What to do: Print all the data that follows exactly, images excluded.
:: Data provided ::
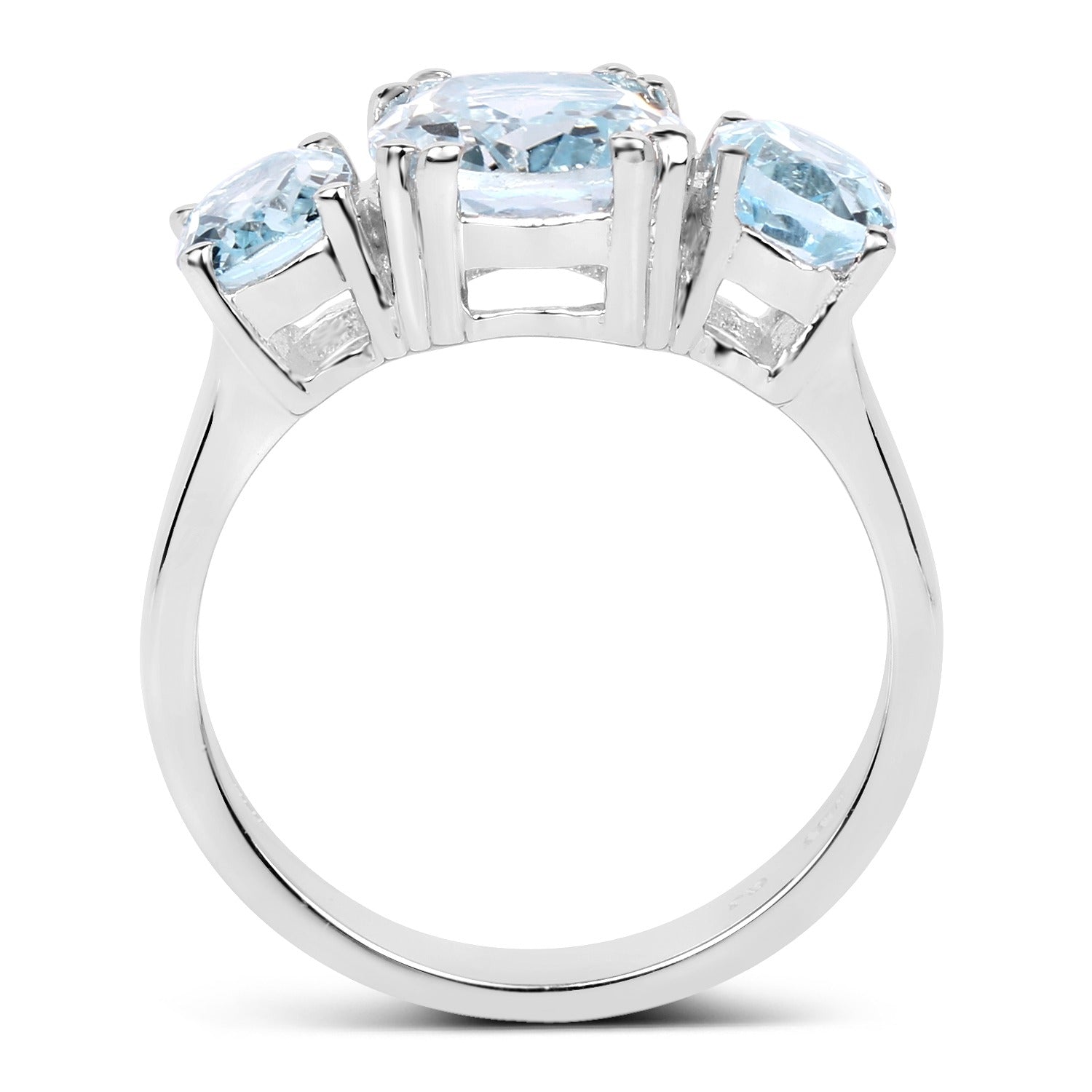 Genuine Oval Blue Topaz 925 Sterling Silver Ring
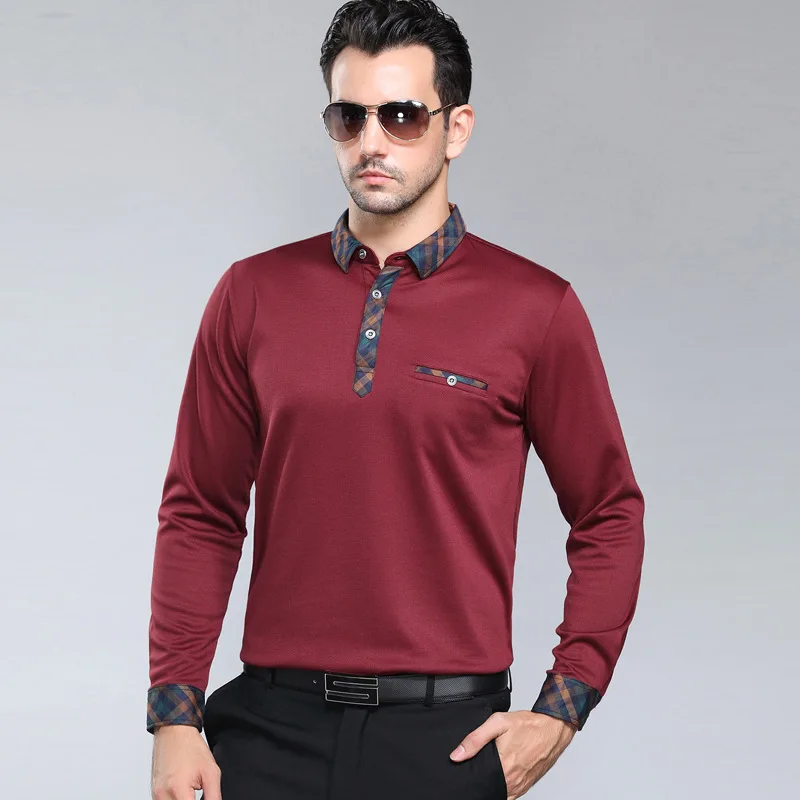 

2020 new fashion polo homme middle-aged male spring autumn men's father put mens long sleeve shirts polo solid breathable camisa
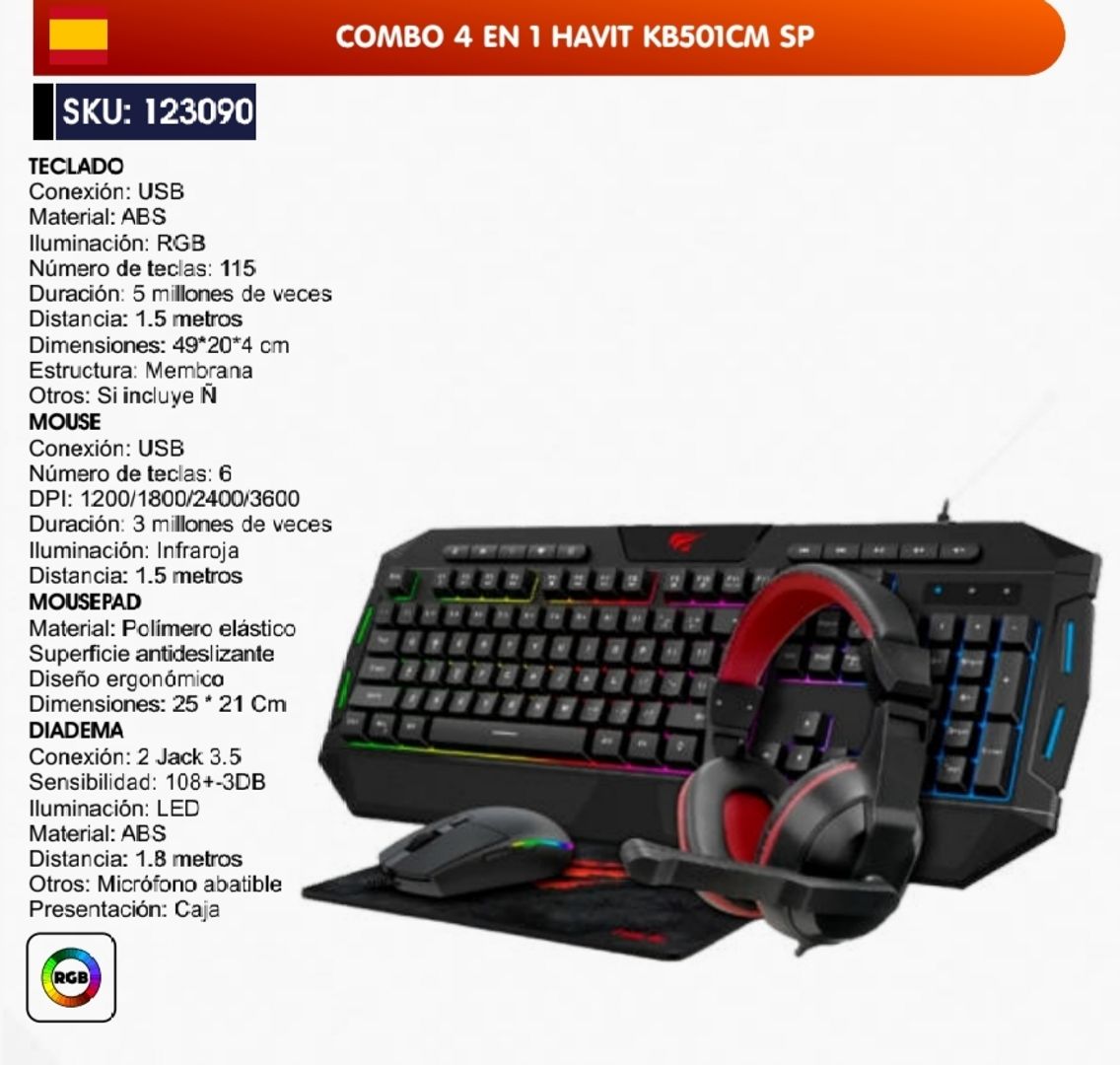 COMBO 4 EN 1 HAVIT KB501CM SP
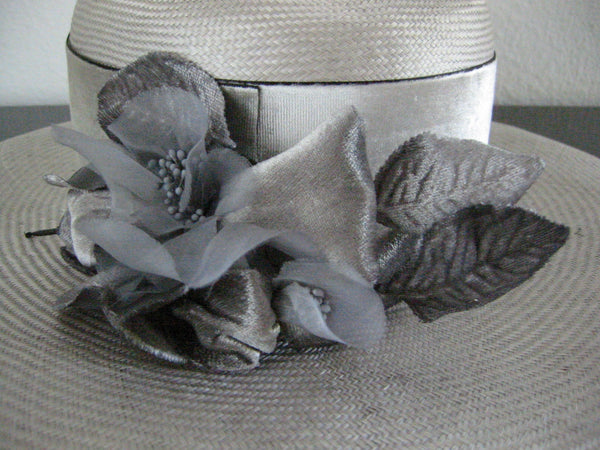Designer Joe Bill Miller Silver Gray Textile Hat Organza Flowers - Designer Unique Finds 
 - 3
:::
Solution to the exercise:
 Genuine Oval Blue Topaz 925 Sterling Silver Ring

2020 new fashion polo homme middle-aged male spring autumn men's father put mens long sleeve shirts polo solid breathable camisa
 COMBO 4 EN 1 HAVIT KB501CM SP
Designer Joe Bill Miller Silver Gray Textile Hat Organza Flowers - Designer Unique Finds 
 - 3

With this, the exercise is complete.